Apple has released a major upgrade to its multi-modal artificial intelligence model MM1 - MM1.5. This upgrade is not a simple version iteration, but an all-round improvement of the model's capabilities, significantly enhancing its performance in image understanding, text recognition, and visual command execution. The editor of Downcodes will explain in detail the improvements of MM1.5 and its significance in the field of multi-modal artificial intelligence.
Apple recently launched a major update to its multi-modal artificial intelligence model MM1, upgrading it to version MM1.5. This upgrade is not just a simple version number change, but a comprehensive capability improvement, allowing the model to show more powerful performance in various fields.
The core upgrade of MM1.5 lies in its innovative data processing method. The model adopts a data-centric training approach, and the training data set is carefully screened and optimized. Specifically, MM1.5 uses high-definition OCR data and synthetic image descriptions, as well as optimized visual instructions to fine-tune the data mix. The introduction of these data has significantly improved the model's performance in text recognition, image understanding, and execution of visual instructions.
In terms of model size, MM1.5 covers multiple versions ranging from 1 billion to 30 billion parameters, including intensive and mixture of experts (MoE) variants. It is worth noting that even smaller scale 1 billion and 3 billion parameter models can achieve impressive performance levels with carefully designed data and training strategies.
The capability improvements of MM1.5 are mainly reflected in the following aspects: text-intensive image understanding, visual reference and positioning, multi-image reasoning, video understanding and mobile UI understanding.

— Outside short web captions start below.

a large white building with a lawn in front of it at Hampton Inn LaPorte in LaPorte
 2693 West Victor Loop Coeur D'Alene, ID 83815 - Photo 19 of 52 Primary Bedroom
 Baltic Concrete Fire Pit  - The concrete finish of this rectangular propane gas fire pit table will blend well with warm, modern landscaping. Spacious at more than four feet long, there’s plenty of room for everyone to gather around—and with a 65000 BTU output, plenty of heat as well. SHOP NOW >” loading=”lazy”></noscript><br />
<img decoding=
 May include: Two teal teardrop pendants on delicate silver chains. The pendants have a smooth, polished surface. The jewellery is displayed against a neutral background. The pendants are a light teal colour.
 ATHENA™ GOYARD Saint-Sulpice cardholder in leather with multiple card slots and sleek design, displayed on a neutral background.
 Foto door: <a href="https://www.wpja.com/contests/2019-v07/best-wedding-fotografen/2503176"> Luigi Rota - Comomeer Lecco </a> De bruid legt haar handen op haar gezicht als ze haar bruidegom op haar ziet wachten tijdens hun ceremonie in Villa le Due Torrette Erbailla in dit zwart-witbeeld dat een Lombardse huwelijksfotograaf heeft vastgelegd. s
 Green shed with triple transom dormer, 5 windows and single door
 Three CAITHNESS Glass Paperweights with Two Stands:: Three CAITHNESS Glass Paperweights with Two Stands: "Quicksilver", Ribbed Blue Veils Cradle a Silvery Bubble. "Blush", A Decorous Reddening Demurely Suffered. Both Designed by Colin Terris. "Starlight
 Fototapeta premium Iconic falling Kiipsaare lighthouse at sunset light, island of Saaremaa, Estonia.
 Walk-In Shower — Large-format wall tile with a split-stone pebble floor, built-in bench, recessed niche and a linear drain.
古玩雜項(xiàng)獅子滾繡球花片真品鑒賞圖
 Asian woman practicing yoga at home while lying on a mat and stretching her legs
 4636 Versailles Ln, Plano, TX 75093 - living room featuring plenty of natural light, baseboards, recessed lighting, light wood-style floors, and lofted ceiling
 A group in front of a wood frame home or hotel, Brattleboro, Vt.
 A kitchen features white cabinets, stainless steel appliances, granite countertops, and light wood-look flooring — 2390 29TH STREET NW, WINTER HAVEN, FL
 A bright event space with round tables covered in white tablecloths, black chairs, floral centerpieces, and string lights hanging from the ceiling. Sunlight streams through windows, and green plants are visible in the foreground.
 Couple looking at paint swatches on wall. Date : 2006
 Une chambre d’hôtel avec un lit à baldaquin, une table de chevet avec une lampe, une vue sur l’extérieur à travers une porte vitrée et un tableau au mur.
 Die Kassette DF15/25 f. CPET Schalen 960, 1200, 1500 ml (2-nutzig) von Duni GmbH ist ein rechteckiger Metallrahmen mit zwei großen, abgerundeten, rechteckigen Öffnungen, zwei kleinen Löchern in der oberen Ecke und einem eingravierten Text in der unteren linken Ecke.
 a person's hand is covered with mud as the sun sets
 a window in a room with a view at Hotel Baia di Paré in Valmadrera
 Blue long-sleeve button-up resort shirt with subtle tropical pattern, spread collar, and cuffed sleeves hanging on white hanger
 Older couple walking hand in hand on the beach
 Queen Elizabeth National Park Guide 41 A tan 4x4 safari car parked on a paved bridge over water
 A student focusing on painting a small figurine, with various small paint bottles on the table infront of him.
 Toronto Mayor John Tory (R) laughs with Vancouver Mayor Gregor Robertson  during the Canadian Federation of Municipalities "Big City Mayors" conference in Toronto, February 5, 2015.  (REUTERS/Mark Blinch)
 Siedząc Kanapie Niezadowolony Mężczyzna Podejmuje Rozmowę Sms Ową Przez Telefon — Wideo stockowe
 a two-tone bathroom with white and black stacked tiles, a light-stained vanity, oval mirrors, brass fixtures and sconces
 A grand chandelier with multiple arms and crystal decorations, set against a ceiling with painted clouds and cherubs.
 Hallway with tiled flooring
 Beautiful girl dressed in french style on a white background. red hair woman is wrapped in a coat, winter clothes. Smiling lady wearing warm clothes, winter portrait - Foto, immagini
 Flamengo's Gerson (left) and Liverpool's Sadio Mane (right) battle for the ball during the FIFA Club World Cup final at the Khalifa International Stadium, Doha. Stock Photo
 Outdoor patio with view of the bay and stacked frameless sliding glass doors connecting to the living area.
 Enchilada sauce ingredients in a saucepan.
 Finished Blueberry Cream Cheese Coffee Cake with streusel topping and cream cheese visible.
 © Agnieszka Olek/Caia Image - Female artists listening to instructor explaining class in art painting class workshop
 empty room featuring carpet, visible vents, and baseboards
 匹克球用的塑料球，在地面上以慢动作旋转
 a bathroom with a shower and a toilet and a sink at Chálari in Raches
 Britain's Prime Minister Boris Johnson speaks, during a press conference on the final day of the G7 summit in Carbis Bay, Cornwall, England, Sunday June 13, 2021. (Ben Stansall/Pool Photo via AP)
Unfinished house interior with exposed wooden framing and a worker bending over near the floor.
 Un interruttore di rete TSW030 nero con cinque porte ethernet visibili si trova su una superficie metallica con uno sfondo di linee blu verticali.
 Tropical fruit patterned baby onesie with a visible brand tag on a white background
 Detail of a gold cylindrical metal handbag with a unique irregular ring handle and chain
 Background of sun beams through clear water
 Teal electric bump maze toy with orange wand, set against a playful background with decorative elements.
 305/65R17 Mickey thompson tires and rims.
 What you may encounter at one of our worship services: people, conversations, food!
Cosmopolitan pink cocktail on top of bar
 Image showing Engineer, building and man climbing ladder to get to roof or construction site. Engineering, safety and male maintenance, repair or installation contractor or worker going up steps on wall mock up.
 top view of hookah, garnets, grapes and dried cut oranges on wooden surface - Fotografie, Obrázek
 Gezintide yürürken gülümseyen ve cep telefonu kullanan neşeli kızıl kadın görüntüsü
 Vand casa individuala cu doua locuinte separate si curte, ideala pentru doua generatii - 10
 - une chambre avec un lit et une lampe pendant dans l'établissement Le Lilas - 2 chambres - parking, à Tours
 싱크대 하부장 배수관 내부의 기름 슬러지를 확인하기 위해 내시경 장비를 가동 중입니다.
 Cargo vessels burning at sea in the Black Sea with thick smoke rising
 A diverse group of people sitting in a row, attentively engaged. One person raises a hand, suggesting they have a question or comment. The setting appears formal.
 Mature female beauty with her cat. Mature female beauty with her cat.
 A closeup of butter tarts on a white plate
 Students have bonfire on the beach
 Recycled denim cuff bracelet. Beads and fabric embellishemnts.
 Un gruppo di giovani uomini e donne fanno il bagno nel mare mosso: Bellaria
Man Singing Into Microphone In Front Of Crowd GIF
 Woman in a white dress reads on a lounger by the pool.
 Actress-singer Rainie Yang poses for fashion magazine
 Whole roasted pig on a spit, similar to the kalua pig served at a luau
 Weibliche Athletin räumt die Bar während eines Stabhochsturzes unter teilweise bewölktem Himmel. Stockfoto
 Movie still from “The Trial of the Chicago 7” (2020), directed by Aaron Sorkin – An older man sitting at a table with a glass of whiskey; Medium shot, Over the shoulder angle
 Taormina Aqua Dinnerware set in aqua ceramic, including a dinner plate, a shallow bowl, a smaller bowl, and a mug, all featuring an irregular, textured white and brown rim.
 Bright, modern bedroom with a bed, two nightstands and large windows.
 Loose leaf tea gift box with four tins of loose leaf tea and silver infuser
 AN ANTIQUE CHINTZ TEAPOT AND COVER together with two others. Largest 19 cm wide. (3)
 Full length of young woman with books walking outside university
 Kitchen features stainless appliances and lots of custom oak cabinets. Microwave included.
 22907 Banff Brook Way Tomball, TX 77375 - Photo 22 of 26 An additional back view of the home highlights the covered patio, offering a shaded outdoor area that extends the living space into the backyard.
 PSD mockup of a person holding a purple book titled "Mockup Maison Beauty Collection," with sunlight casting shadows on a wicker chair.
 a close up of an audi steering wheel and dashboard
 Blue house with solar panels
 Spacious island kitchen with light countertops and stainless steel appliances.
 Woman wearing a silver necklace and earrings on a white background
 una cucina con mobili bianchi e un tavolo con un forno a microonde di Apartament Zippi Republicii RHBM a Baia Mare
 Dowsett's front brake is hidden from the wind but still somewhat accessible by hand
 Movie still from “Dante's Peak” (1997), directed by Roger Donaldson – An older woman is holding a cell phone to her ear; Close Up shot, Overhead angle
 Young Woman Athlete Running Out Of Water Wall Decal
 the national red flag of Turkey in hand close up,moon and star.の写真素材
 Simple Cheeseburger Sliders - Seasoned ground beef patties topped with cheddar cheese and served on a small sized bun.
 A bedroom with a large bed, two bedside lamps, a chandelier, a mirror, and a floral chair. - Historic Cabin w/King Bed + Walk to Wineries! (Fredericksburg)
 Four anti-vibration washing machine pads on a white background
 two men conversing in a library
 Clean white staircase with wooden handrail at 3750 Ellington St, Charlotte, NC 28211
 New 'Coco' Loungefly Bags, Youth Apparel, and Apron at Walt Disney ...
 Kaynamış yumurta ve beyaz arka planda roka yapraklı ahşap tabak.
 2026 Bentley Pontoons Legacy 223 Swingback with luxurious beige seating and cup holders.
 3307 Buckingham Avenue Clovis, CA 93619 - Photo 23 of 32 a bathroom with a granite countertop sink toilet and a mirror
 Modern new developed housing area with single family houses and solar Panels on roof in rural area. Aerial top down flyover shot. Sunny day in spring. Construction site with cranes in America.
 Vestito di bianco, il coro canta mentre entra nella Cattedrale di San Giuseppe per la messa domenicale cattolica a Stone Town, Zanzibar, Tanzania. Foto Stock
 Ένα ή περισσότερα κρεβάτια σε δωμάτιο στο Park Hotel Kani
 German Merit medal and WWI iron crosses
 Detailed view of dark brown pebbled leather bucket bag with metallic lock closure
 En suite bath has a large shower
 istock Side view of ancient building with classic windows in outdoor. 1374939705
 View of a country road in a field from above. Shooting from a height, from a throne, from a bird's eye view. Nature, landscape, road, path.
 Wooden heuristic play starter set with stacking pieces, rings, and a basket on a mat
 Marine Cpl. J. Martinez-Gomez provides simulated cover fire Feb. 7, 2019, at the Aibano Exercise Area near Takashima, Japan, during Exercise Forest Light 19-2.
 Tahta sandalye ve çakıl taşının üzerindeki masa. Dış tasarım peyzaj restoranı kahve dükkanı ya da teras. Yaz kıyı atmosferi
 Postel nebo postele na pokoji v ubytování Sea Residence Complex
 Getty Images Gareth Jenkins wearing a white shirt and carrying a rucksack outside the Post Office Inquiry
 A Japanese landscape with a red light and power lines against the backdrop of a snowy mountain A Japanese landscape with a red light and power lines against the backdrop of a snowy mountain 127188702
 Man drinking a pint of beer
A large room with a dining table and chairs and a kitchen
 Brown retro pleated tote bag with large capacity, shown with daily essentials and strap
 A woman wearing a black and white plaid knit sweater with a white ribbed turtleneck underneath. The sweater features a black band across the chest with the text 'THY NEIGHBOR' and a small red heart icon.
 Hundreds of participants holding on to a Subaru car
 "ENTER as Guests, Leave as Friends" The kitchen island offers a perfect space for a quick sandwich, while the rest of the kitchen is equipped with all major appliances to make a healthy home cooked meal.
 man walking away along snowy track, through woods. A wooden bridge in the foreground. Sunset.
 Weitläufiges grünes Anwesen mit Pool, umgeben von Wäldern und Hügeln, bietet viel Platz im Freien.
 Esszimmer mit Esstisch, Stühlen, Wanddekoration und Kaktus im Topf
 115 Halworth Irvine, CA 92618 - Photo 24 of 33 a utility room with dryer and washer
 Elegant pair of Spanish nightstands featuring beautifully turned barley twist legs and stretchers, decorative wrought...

These capabilities allow MM1.5 to be applied to a wider range of scenarios, such as identifying performers and instruments from concert photos, understanding chart data and answering related questions, locating specific objects in complex scenes, etc.
To evaluate the performance of MM1.5, the researchers compared it with other advanced multimodal models. The results show that MM1.5-1B performs well in a model with a scale of 1 billion parameters, significantly better than other models of the same level. MM1.5-3B outperforms MiniCPM-V2.0 and is on par with InternVL2 and Phi-3-Vision. In addition, the study also found that whether it is a dense model or a MoE model, the performance will significantly improve as the scale increases.
The success of MM1.5 not only reflects Apple’s research and development strength in the field of artificial intelligence, but also points the way for the future development of multi-modal models. By optimizing data processing methods and model architecture, even smaller-scale models can achieve strong performance, which is of great significance for deploying high-performance AI models on resource-constrained devices.
Paper address: https://arxiv.org/pdf/2409.20566
All in all, the release of MM1.5 marks a significant advancement in multi-modal artificial intelligence technology. Its innovations in data processing and model architecture provide new ideas and directions for the development of future AI models. We look forward to Apple continuing to bring more breakthrough results in the field of artificial intelligence.